ASSIGNED TASK - In the data below, repeat the line containing "Overhead view of" and every following line exactly, up to and including the last line. Exclude pictures.
____ RECORDS FOR THE TASK
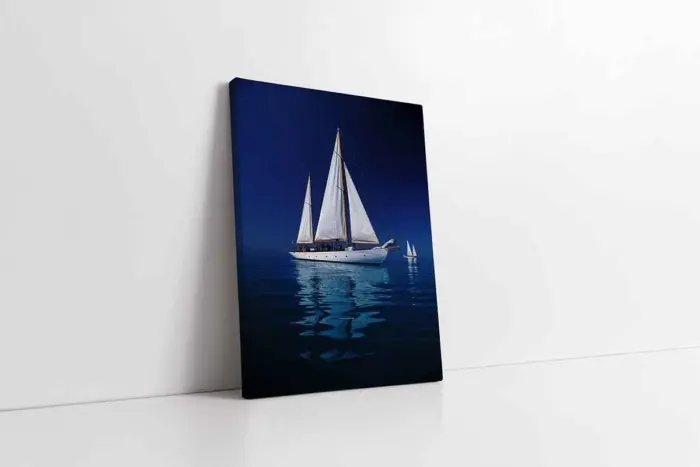Sakin Denizde Yelkenli | Kanvas Tablo | Cam Tablo | Mdf Tablo | A01021 - Görsel 1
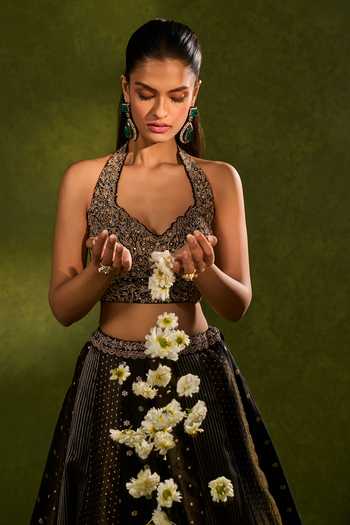 Shop_Chamee & Palak_Black Silk, Tissue, Dupion, Organza Sequins, Nandana Woven Jamear Lehenga Set _Online_at_Aza_Fashions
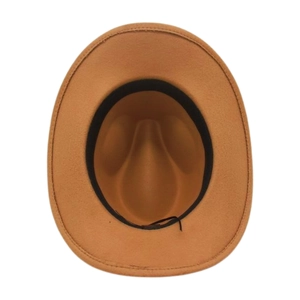 Overhead view of tan felt western fedora showing interior sweatband and wide brim
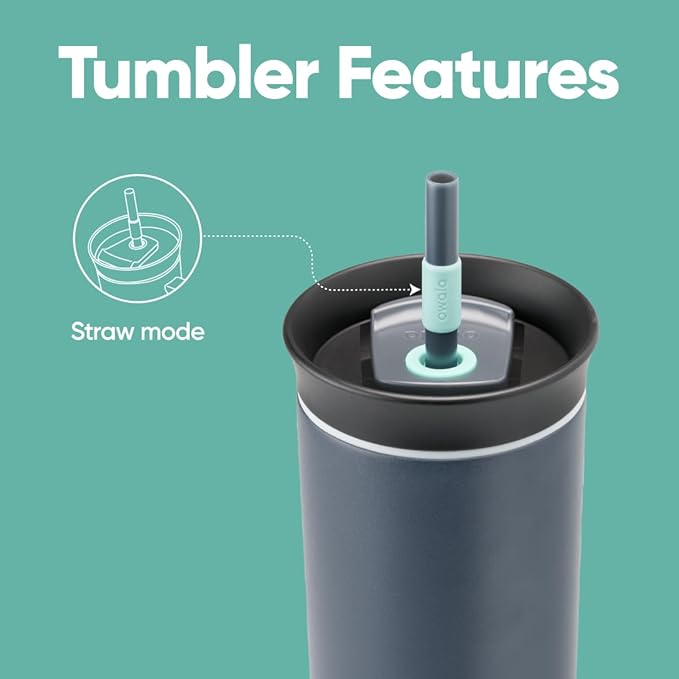 Owala Stainless Steel Triple Layer Insulated Travel Tumbler with Spill Resistant Lid and Straw, BPA Free, 24 oz, Black/Grey (Foggy Tide) (Pack of 12) - Bloomnest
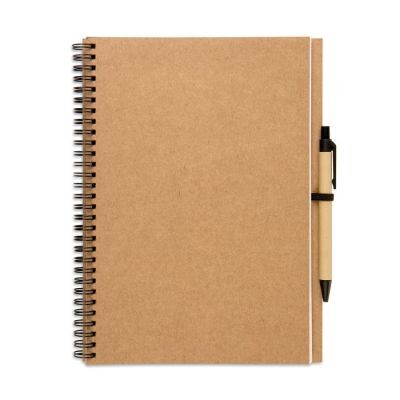 RECYCLED NOTE BOOK with Pen in Brown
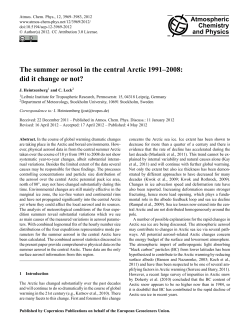 The summer aerosol in the central Arctic 1991&ndash;2008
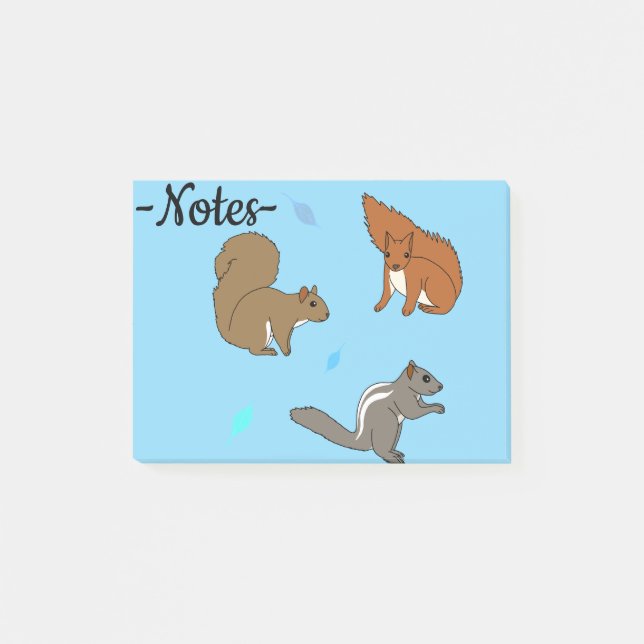 Squirrels Blue Post-it Notes (Front)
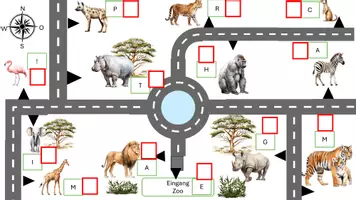 Vorschau - Arbeitsblätter - Wegbeschreibung Zoo/ Safari - Deckblatt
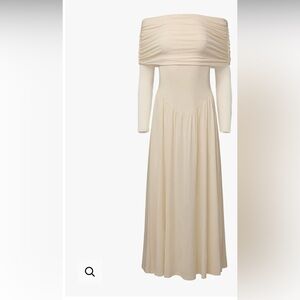Off shoulder ruched midi dress- WEWOREWHAT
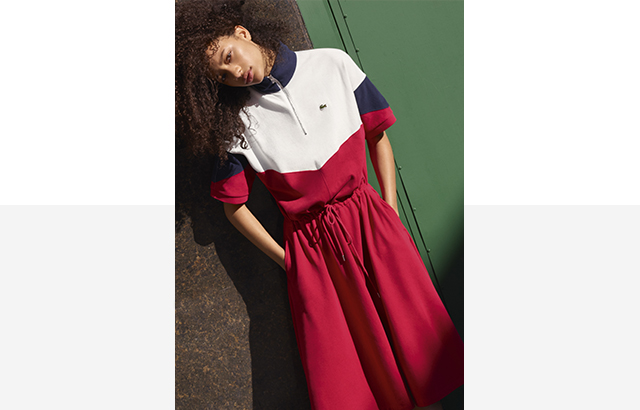 Colorblock terrycloth pique polo dress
________
RESULT BELOW -
 Overhead view of tan felt western fedora showing interior sweatband and wide brim
 Owala Stainless Steel Triple Layer Insulated Travel Tumbler with Spill Resistant Lid and Straw, BPA Free, 24 oz, Black/Grey (Foggy Tide) (Pack of 12) - Bloomnest
 RECYCLED NOTE BOOK with Pen in Brown
 The summer aerosol in the central Arctic 1991&ndash;2008
 Squirrels Blue Post-it Notes (Front)
 Vorschau - Arbeitsblätter - Wegbeschreibung Zoo/ Safari - Deckblatt
Off shoulder ruched midi dress- WEWOREWHAT
 Colorblock terrycloth pique polo dress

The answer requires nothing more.